§ **WHAT YOU WILL DO**
Only one stretch of the listing below is wanted. Give it again exactly, from the line with "Giga Meubel Eettafel" through the line with "Welnove High Heel".
━━━
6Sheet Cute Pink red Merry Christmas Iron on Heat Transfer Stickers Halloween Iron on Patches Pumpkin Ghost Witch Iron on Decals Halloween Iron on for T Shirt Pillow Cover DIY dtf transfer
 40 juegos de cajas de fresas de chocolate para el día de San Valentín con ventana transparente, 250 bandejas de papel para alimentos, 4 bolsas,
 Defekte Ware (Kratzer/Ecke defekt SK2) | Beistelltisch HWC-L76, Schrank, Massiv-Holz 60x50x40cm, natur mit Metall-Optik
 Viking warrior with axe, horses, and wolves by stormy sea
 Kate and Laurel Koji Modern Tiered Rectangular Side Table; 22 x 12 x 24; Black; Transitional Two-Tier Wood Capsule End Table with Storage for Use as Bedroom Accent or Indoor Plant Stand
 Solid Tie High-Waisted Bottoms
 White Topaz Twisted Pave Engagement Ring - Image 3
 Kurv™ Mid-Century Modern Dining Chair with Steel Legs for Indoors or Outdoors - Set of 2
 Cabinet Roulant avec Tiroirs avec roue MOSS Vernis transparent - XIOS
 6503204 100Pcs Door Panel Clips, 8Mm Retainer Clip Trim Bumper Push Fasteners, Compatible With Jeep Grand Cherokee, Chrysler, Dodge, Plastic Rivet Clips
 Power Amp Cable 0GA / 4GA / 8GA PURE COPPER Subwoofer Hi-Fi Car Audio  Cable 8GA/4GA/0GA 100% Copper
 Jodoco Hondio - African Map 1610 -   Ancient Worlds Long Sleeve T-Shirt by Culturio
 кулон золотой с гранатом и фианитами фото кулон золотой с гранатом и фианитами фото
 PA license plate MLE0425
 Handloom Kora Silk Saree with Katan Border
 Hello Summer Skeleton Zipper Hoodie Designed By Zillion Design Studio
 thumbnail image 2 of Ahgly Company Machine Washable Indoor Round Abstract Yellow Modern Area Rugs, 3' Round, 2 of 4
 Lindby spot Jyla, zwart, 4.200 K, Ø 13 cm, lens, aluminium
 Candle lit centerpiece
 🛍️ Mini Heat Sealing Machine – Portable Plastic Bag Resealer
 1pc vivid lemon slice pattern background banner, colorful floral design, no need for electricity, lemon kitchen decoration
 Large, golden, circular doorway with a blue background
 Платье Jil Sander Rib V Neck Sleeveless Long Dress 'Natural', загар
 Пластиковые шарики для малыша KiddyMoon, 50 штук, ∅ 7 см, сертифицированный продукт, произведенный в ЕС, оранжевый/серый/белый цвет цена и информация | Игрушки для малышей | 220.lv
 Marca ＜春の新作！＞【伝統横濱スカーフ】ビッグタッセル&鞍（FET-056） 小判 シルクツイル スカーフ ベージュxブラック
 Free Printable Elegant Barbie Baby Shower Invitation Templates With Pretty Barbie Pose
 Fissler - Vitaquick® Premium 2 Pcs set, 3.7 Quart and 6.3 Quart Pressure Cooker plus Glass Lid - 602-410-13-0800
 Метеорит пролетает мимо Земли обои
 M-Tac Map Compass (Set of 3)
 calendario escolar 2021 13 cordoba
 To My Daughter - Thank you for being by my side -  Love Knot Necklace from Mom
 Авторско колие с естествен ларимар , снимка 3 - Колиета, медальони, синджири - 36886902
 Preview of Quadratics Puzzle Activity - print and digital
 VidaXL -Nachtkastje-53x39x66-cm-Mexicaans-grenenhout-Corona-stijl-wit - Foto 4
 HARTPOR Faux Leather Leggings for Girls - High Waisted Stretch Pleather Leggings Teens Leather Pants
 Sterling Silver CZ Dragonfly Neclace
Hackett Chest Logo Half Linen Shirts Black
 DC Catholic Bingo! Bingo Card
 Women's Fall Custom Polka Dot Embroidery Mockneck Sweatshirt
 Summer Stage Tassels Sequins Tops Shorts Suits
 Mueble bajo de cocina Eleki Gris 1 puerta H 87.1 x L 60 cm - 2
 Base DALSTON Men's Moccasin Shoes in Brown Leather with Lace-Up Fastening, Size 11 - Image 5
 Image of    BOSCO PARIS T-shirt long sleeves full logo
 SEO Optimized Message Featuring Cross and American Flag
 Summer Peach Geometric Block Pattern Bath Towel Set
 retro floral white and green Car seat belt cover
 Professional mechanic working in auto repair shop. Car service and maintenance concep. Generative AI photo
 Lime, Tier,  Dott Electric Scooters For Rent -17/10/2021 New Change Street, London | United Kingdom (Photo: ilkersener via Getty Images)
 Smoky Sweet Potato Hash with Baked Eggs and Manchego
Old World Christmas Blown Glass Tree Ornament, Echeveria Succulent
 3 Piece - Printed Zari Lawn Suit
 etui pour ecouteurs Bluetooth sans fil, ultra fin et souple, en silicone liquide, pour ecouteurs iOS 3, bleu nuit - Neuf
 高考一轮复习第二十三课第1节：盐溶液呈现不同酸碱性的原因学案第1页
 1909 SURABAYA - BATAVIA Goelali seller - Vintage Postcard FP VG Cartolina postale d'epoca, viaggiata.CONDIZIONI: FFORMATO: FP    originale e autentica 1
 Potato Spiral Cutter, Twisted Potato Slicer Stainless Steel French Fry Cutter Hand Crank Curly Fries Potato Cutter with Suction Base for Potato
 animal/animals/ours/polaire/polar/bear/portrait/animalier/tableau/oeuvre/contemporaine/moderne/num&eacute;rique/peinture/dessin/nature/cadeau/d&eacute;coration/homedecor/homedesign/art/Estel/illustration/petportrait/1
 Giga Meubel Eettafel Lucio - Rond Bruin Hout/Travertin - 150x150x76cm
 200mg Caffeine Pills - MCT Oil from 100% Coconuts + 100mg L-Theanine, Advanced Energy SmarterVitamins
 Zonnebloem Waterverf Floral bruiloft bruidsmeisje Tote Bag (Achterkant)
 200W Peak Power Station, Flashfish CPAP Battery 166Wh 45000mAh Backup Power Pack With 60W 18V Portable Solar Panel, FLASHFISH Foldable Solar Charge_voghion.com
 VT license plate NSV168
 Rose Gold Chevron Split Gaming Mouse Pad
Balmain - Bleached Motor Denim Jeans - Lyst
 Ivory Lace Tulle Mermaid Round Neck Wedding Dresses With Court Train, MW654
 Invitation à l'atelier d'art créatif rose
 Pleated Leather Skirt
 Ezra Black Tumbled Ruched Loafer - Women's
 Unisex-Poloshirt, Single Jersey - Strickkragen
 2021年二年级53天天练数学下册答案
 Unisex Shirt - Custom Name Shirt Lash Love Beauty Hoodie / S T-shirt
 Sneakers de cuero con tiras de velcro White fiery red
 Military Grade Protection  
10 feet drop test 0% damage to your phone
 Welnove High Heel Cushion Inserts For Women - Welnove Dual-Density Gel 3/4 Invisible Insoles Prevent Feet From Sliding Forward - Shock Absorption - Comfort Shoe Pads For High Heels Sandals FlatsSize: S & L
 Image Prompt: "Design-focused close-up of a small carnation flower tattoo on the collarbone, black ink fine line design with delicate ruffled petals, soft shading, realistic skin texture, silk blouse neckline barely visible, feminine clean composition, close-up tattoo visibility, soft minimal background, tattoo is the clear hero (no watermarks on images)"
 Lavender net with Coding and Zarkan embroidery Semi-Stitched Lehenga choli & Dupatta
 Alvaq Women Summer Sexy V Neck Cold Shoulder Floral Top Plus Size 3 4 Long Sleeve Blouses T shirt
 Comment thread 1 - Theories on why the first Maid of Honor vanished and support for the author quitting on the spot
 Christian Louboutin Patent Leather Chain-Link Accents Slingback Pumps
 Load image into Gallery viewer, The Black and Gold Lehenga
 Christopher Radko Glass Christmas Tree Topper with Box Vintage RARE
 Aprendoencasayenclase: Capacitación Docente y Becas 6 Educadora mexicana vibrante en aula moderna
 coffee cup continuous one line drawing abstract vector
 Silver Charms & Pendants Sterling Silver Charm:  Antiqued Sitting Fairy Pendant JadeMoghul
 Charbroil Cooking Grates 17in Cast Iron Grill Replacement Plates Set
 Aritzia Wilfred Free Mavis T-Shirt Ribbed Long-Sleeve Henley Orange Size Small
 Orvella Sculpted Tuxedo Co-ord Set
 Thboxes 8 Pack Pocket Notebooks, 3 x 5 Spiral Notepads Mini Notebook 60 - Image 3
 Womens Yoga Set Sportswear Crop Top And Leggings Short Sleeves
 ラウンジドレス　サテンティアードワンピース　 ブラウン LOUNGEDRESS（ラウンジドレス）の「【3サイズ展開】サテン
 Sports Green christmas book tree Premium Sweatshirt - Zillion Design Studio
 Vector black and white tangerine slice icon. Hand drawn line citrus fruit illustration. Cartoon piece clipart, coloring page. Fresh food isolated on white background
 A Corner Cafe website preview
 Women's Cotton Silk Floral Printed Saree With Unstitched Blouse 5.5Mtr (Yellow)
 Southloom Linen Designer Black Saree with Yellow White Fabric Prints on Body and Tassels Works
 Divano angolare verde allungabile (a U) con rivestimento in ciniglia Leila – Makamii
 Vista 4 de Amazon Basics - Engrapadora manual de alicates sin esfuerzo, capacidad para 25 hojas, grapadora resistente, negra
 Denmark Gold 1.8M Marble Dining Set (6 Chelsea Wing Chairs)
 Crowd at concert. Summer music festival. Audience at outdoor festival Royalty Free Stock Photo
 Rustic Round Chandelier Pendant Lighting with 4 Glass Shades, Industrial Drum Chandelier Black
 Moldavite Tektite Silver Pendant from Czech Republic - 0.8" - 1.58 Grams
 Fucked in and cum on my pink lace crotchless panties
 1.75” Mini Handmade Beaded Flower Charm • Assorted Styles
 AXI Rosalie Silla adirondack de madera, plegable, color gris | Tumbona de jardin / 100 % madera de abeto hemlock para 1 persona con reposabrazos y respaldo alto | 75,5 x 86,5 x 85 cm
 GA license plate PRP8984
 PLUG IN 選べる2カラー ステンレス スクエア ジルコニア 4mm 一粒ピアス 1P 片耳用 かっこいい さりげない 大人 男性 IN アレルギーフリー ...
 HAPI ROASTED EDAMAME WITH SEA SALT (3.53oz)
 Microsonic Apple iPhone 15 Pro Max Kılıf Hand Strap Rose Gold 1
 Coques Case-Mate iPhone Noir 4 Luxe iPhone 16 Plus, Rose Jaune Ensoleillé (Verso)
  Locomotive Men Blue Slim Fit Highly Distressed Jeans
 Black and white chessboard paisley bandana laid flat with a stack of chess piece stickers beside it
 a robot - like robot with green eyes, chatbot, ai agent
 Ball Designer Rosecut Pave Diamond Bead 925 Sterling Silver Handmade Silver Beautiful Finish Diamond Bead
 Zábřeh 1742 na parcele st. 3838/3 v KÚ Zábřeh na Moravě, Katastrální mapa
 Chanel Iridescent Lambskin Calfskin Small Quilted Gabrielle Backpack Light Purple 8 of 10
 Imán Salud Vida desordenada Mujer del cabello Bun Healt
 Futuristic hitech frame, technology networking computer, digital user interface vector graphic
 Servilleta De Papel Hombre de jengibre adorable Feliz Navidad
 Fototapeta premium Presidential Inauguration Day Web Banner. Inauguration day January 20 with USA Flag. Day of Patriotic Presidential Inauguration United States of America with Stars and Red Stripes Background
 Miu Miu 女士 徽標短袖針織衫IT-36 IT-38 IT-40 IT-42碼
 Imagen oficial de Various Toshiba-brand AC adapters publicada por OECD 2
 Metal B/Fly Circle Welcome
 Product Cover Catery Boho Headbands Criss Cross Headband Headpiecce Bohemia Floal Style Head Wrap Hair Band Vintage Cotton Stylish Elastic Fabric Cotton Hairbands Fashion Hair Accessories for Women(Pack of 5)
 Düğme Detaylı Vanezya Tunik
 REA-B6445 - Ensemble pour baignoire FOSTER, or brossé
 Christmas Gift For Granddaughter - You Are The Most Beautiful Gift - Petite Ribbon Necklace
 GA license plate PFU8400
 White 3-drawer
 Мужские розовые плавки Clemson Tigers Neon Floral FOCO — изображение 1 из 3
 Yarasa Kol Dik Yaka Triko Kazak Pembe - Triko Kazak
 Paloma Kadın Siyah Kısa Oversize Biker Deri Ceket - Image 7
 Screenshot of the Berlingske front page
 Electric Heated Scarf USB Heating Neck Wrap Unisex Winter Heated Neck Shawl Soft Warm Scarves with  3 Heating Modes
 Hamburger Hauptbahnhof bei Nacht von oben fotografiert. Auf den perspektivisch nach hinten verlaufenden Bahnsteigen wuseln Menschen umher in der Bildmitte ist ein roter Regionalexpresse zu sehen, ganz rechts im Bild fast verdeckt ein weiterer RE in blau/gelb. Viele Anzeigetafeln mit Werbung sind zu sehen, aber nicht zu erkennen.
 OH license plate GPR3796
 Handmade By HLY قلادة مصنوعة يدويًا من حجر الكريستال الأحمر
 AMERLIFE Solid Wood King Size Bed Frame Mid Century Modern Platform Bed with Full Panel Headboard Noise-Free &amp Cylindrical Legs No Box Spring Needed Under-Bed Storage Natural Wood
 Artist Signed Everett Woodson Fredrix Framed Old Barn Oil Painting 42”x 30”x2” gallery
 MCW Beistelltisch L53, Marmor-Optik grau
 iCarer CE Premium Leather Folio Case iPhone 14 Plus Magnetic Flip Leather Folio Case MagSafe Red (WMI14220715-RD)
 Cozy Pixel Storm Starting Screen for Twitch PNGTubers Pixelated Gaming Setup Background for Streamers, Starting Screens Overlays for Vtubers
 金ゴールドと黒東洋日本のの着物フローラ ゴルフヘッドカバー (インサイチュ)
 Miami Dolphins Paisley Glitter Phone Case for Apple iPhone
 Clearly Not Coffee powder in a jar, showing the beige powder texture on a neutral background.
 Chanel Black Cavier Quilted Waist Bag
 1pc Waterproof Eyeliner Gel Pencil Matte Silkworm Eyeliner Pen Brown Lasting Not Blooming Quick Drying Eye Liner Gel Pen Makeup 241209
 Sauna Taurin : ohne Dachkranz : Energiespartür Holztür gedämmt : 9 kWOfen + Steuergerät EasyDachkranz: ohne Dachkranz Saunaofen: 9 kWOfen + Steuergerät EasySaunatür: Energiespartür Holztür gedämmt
━━━
§ **ANSWER TO THIS TASK**
 Giga Meubel Eettafel Lucio - Rond Bruin Hout/Travertin - 150x150x76cm
 200mg Caffeine Pills - MCT Oil from 100% Coconuts + 100mg L-Theanine, Advanced Energy SmarterVitamins
 Zonnebloem Waterverf Floral bruiloft bruidsmeisje Tote Bag (Achterkant)
 200W Peak Power Station, Flashfish CPAP Battery 166Wh 45000mAh Backup Power Pack With 60W 18V Portable Solar Panel, FLASHFISH Foldable Solar Charge_voghion.com
 VT license plate NSV168
 Rose Gold Chevron Split Gaming Mouse Pad
Balmain - Bleached Motor Denim Jeans - Lyst
 Ivory Lace Tulle Mermaid Round Neck Wedding Dresses With Court Train, MW654
 Invitation à l'atelier d'art créatif rose
 Pleated Leather Skirt
 Ezra Black Tumbled Ruched Loafer - Women's
 Unisex-Poloshirt, Single Jersey - Strickkragen
 2021年二年级53天天练数学下册答案
 Unisex Shirt - Custom Name Shirt Lash Love Beauty Hoodie / S T-shirt
 Sneakers de cuero con tiras de velcro White fiery red
 Military Grade Protection  
10 feet drop test 0% damage to your phone
 Welnove High Heel Cushion Inserts For Women - Welnove Dual-Density Gel 3/4 Invisible Insoles Prevent Feet From Sliding Forward - Shock Absorption - Comfort Shoe Pads For High Heels Sandals FlatsSize: S & L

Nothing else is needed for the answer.